Последние слова Власьева думный выделил голосом:
– «…По моему разумению, мягкой рухлядью или чем иным цесарю следует помочь, ибо без того подвинуть их величество против крымского хана, Литвы или Польши и думать не можно».
Царь остановился, и каблуки его чуть приметно скрипнули. Оборотившись к дьяку, Борис Федорович сказал:
– Сие заключение тако же следует счесть верным.
Щелкалов взял со стола отчет думного дворянина Микулина. Царь, по своей привычке, вновь заходил вдоль стены, то приближаясь к дьяку, то уходя от него.
«…Многажды могли обогатиться, – читал дьяк, – когда бы не только северными морями, но и немецкими пользовались…»
– Такое и подтверждения не требует, – неожиданно прервал его Борис Федорович и подошел к окну.
За окном все изменилось, да так, что у царя едва не вырвался изумленный возглас.
Над Москвой взошла луна и разом высветила и площади, и улицы, и отдельные дома, и кресты на церквах и соборах.
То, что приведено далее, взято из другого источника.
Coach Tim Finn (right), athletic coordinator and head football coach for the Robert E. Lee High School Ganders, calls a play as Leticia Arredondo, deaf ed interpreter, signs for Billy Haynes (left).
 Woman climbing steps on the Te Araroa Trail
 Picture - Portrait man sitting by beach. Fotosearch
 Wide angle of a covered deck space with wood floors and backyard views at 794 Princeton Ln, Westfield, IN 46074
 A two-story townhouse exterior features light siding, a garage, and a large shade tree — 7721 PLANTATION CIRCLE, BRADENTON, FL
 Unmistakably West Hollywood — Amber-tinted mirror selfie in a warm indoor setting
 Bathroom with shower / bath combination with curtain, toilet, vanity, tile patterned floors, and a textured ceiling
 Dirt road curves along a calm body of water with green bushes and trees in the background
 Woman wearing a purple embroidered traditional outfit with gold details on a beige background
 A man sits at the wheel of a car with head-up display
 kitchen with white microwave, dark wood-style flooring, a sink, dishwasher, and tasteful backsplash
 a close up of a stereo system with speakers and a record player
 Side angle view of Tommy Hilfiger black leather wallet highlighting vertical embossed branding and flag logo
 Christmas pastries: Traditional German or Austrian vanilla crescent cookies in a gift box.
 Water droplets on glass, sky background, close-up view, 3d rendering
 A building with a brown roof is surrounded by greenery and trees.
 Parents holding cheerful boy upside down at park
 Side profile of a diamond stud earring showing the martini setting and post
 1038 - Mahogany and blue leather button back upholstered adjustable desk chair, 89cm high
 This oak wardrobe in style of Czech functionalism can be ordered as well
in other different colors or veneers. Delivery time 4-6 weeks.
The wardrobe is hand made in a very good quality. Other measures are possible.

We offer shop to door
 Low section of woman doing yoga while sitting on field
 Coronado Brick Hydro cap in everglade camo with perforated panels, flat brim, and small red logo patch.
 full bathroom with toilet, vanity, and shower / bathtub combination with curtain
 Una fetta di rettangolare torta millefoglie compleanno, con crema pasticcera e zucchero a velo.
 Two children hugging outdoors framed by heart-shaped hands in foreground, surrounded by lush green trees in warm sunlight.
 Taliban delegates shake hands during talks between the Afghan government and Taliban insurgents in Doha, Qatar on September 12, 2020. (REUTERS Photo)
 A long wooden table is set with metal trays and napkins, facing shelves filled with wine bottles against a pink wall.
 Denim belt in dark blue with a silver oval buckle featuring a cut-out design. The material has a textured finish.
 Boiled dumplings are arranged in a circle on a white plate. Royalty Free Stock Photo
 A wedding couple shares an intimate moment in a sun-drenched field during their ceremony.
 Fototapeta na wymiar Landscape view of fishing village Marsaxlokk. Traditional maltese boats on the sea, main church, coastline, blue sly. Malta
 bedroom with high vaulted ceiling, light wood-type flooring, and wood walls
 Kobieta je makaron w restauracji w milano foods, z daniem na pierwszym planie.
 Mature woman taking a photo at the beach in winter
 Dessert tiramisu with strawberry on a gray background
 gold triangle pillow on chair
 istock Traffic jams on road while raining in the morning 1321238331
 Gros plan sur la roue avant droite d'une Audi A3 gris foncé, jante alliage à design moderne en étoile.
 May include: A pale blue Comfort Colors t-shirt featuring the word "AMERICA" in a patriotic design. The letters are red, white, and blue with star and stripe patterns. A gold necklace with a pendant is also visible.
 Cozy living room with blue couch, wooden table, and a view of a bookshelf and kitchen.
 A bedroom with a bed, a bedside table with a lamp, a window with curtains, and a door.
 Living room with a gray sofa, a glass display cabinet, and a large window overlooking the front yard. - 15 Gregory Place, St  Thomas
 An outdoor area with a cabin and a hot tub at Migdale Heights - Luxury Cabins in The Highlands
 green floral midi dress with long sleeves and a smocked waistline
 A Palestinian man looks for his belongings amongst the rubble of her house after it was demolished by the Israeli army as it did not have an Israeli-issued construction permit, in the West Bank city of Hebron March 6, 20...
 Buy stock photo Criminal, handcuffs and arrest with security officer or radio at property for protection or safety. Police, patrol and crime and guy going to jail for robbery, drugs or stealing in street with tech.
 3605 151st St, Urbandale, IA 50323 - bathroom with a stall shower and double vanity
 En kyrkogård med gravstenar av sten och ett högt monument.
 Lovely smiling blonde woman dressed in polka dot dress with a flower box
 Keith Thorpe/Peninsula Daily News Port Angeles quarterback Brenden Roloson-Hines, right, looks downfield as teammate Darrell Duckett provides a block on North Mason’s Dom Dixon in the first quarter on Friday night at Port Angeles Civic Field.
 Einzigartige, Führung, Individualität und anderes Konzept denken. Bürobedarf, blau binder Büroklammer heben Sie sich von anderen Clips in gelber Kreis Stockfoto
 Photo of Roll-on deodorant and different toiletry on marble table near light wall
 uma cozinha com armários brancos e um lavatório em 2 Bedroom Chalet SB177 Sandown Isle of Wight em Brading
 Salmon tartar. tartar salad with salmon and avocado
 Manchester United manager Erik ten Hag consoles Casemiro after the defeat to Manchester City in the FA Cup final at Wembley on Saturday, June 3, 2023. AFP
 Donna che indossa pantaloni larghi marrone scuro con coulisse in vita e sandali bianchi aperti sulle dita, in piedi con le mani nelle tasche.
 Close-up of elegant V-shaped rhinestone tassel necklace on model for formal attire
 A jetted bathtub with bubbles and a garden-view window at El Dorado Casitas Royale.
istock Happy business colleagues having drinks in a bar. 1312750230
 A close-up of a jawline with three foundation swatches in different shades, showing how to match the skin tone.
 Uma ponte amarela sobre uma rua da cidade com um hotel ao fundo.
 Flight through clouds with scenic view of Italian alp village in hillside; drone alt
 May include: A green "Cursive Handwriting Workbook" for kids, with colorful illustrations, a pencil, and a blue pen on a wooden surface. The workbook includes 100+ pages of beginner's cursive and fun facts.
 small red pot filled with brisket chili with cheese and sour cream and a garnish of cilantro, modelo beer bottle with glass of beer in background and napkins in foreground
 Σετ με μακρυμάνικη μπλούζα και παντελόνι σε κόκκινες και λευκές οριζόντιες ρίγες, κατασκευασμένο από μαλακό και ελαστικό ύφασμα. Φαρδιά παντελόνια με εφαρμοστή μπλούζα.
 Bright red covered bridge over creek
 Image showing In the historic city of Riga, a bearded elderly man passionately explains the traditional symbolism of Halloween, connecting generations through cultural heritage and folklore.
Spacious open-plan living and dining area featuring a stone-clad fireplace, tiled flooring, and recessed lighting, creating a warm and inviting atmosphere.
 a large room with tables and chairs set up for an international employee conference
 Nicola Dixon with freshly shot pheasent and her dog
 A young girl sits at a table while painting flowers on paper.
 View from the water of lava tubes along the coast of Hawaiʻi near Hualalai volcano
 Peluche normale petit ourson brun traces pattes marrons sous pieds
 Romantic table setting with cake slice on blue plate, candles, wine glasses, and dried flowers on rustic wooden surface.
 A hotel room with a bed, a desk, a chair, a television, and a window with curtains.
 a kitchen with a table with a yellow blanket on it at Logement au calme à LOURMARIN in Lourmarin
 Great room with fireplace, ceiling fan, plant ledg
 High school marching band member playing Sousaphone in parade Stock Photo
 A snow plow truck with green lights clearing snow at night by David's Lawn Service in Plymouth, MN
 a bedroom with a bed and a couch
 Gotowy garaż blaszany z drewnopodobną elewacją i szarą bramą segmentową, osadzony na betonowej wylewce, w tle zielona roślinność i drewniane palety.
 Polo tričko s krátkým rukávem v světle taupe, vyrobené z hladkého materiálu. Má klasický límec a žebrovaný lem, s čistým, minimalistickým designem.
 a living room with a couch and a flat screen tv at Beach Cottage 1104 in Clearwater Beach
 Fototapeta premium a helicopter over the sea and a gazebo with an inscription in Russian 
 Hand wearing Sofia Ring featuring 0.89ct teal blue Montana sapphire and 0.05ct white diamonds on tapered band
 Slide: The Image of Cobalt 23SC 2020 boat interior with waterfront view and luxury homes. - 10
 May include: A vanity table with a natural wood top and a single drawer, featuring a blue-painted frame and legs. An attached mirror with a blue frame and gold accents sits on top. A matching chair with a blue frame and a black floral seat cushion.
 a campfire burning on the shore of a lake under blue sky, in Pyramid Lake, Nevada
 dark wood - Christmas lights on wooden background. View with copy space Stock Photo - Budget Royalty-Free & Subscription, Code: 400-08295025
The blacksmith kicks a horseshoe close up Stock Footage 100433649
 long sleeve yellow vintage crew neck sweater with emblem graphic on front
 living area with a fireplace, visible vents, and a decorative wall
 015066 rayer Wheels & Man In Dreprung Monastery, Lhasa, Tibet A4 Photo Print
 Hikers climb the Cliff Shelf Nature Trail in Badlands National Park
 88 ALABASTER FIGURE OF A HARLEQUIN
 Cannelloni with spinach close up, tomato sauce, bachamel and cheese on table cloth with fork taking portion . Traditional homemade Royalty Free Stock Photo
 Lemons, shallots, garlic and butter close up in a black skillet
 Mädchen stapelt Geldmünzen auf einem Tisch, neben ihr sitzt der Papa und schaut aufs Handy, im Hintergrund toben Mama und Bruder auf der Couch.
Вся Москва лежала перед кремлевским дворцом как на ладони. Золотом сияли купола церквей, черными шапками поднимались гонтовые крыши крепких изб, льдистым серебром отливали одетые в свинец коньки знатных дворов. И четко, броско рисовались на высвеченном луной небе кремлевские башни и зубцы могучих стен. И даже звуки стали различимы, понятны и ясны. Вон стрелец на стене откинул голову назад – и:
– Слу-у-шай Ка-а-зань!
И в ответ тут же раздалось:
– Слу-у-шай Вла-а-ди-мир!
И еще дальше:
– Слу-у-шай…
«Все, все видно, – подумал царь, – чего это я? Какие сомнения? Все видно и в пределах наших, и за гранями рубежей, и в сегодняшнем дне, и в завтрашнем».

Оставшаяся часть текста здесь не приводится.